Source records Start Marker

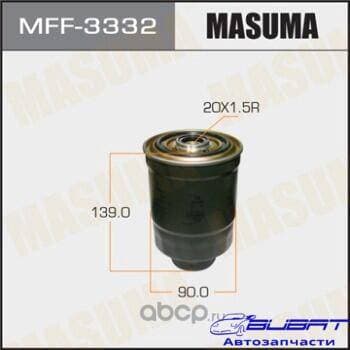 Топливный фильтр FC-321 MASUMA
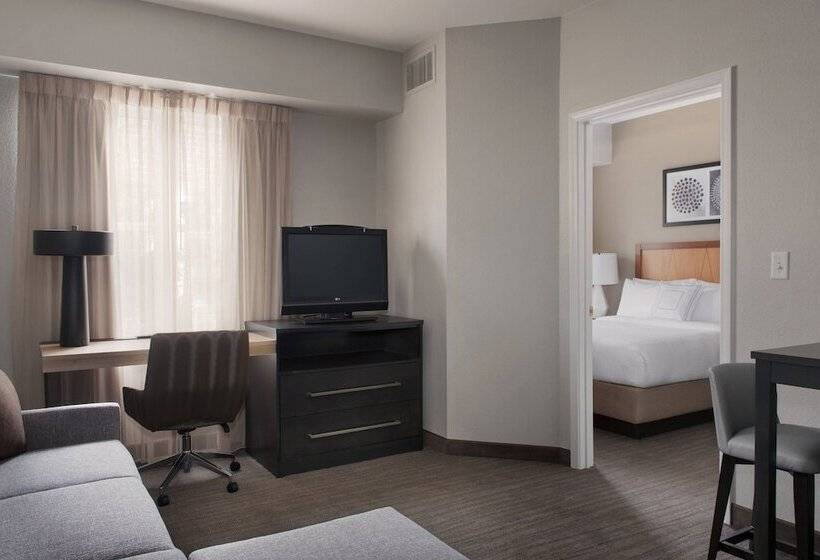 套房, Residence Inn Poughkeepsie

Source records End Marker
Source records Start Marker

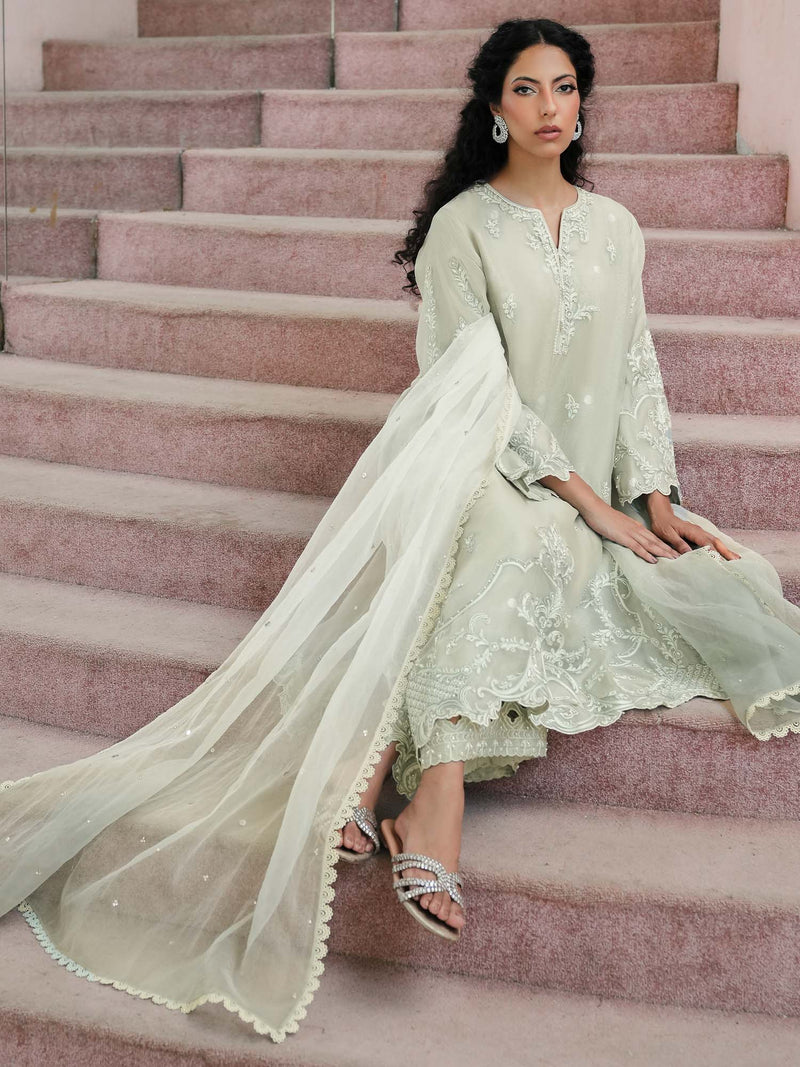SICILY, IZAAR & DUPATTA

Source records End Marker
Source records Start Marker

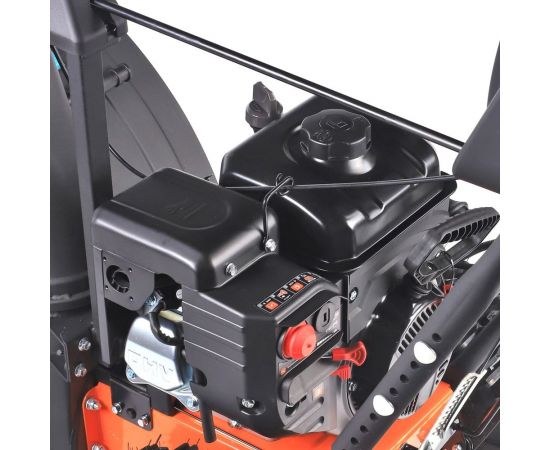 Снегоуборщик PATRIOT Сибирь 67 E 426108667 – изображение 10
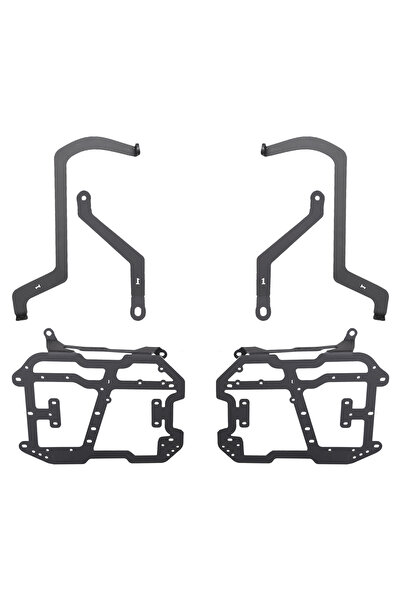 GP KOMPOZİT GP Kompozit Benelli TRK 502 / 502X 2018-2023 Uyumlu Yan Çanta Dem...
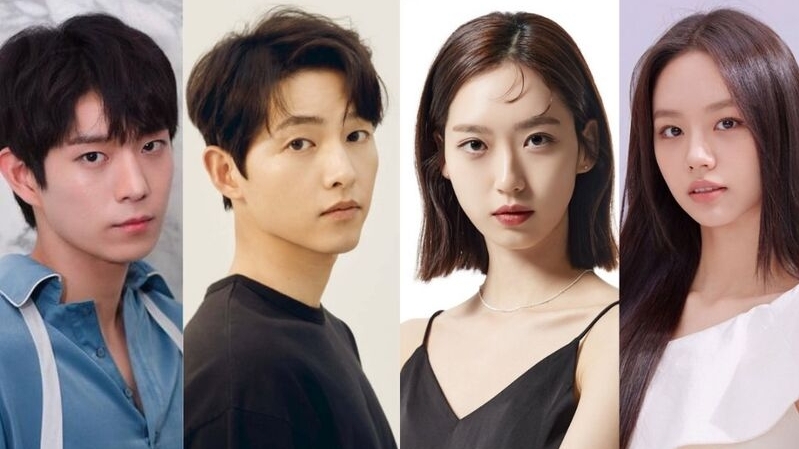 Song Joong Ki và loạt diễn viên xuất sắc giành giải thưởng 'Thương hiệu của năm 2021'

Source records End Marker

= Problem to work on =
Using the material above, transcribe exactly the lines from the one holding "Топливный фильтр FC-321 MASUMA" to the one holding "套房, Residence Inn Poughkeepsie", both ends kept. Do not carry over any pictures.

= Response area =
 Топливный фильтр FC-321 MASUMA
 套房, Residence Inn Poughkeepsie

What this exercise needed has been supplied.